Commençons d'ailleurs par les bons cotés du film, d'abord parce qu'il faut partir sur une bonne impression, ensuite parce qu'on en sera plus vite débarrassés. Il faut reconnaître au réalisateur un soin esthétique particulièrement réussi dans chacun de ses films, un point finalement bienvenu que de ne pas négliger ce genre de détails puisque le seul salut de Furtif réside dans ses spectaculaires combats aériens. Pas spécialement innovant, le grotesque – nullissime nous souffle-t-on – effet de vitesse numérique imposé dans Fast and Furious trouve ici enfin un sens et, même si le mal de crâne s'estompe à la dernière limite, on prend un certain plaisir à sentir tous ces châssis d'acier nous tourner autour. Plaisir ultime, et malheureusement le seul sur deux heures de film, la destruction en plein vol d'un ballon ravitailleur piégeant nos héros dans un gigantesque mur de flamme circulaire nous en jette plein les mirettes, effets spéciaux et intégration des comédiens réussis à l'appui. Si le panard est un peu rendez-vous dans ce déluge d'effets sonores, d'explosions, et de musique très Tintintiiiin, il faut pourtant se rendre à l'évidence : cette vidange cérébrale ne prend plus du tout en 2005.

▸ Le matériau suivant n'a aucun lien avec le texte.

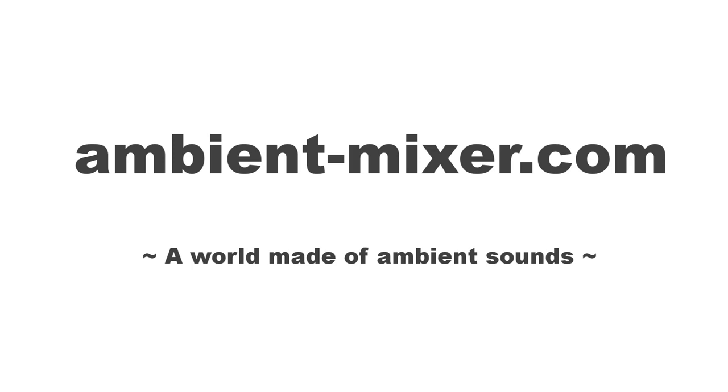Visit us now. AmbientMixer.com - A world made of ambient sounds.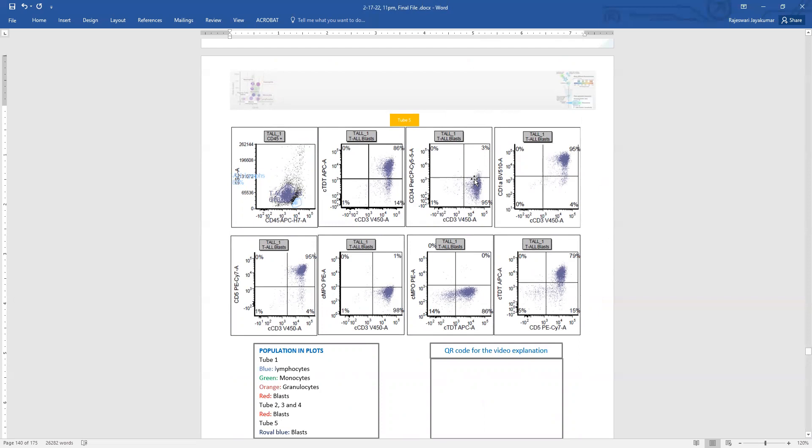So again, it shows that these are CD34 negative, and these are CD1A positive. 1A is also another immaturity marker. They are CD5 positive as expected, and these are negative for the myeloid markers MPO.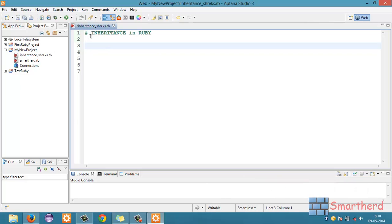What's up guys! Welcome to 46th Ruby tutorial. This is Shreks from SmartHerd. In this tutorial, I will teach you the codes of inheritance in Ruby.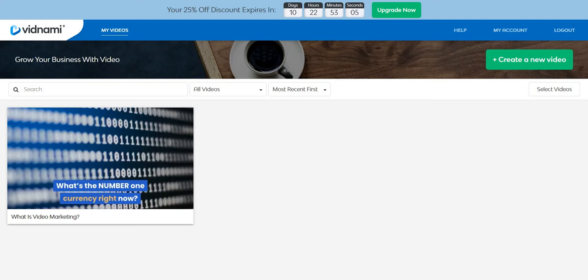In this video I'm going to be doing a Vidnami review and overall demo of the features. First and foremost, I actually created another account which is going to be a free trial. They do come with a 100% free trial and you don't even need a card for it. I'll put a link down below so you can follow along with me when it comes to creating a video. It's very easy to do even if you don't have any experience.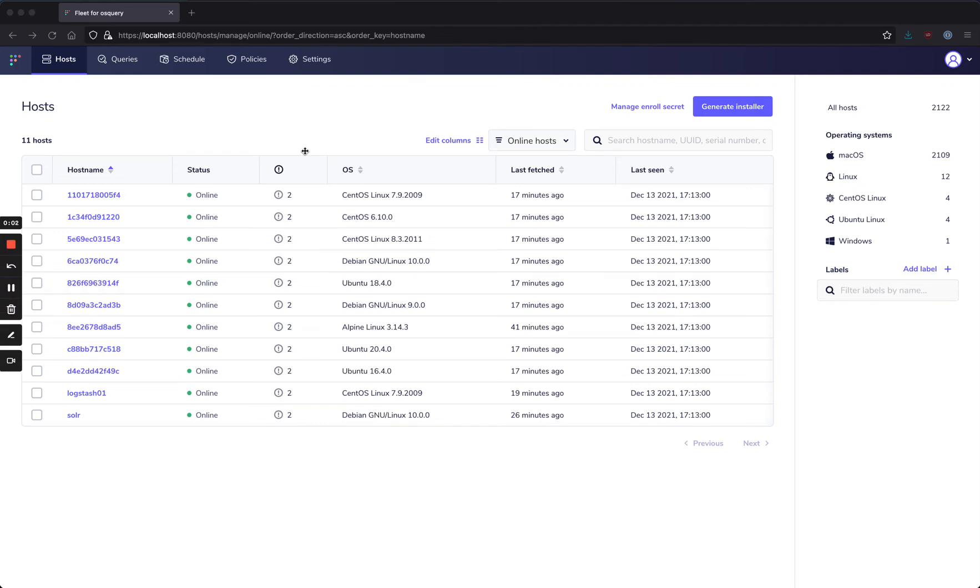Hey, it's Zach from Fleet here with a demo of how we can use OS Query and Fleet to detect that new Log4j vulnerability on our running systems.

S'il se contentait de faire du déjà vu, mais bien vu, Cohen pourrait obtenir un semblant de respect, mais il représente à nouveau un cinéma désintéressé, une sorte de story-board filmé sans saveur dont le seul but était d'en arracher les morceaux pour en faire une bande annonce salivante, mais surtout sans la moindre once d'histoire. Un bâclage scénaristique atteignant ici des sommets puisque ne se reposant que sur l'imagerie numérique, Cohen nous raconte son film par-dessus la jambe. Outre une petite audace d'écriture bien vue, mais adoptée depuis peu par Renny Harlin qui compte visiblement décimer prématurément les têtes d'affiches de tous ses films, le scénariste assis derrière la machine à écrire ne s'est contenté que d'extrapoler le synopsis de quatre lignes. Pire encore, cette idée de HAL version lance missile (ou Terminator volant, au choix) n'étant pas si mauvaise en soi, puisque potentiellement intéressant dans le genre des films de monstre. Malheureusement celle-ci s'auto avorte par la bonne parole américaine pour basculer dans une sorte de K2000 version mach 3 incompréhensible et préfère s'attaquer aux vrais méchants du film : des nord-coréens qui… qui ne demandaient rien finalement avant qu'on leur tire dessus.


Une plume stérile qui, absout de toute finesse, ne s'empêche pas de nous lancer à outrance de bons gros clichés par-ci comme un général se suicidant pour échapper à son échec (…), de la frime qui vire au grotesque par là (l'avion capable d'identifier une empreinte digitale à huit kilomètres de sa cible) et des ralentis armageddonièsques comme il devrait être blâmable de nous en faire subir histoire de nous attacher à des héros qui n'ont rien de techniquement humains. A moins de trouver une pilote de chasse body-buildée de 19 ans qui mime une pub Obaho sous une cascade thaïlandaise entre deux exterminations de peuples dont l'oncle Sam se fout éperdument. En revanche il ne se fout pas (directement) de son jeune public et pratiquement vingt ans après Top Gun nous ressort le coup de la propagande du métier d'avenir avec promesse de faire joujou contre des robots, et si l'on est une fille d'être aussi musclée que Rambo pour ramper dans la boue.
Tout un programme…



Même avec la meilleure volonté du monde, il reste très difficile de prendre plaisir devant ce spectacle bien navrant. Non pas que le propos ne soit pas intéressant ou amusant, mais tout simplement parce que cousu de fil de blanc Furtif n'aurait sûrement pas bercé dans l'originalité mais aurait au moins eu le mérite de divertir. En voulant jouer à la girouette, non seulement Rob Cohen nous mène hypocritement en bateau (la bande annonce vire pratiquement dans le mensonge en annonçant le zinc comme décidé à détruire une grande ville américaine), mais brasse du vent inutilement à bases d'idées plus saugrenues les unes que les autres pour combler les 120 minutes imposées. Deux trop longues heures qu'on aurait souhaité ne pas voir passer.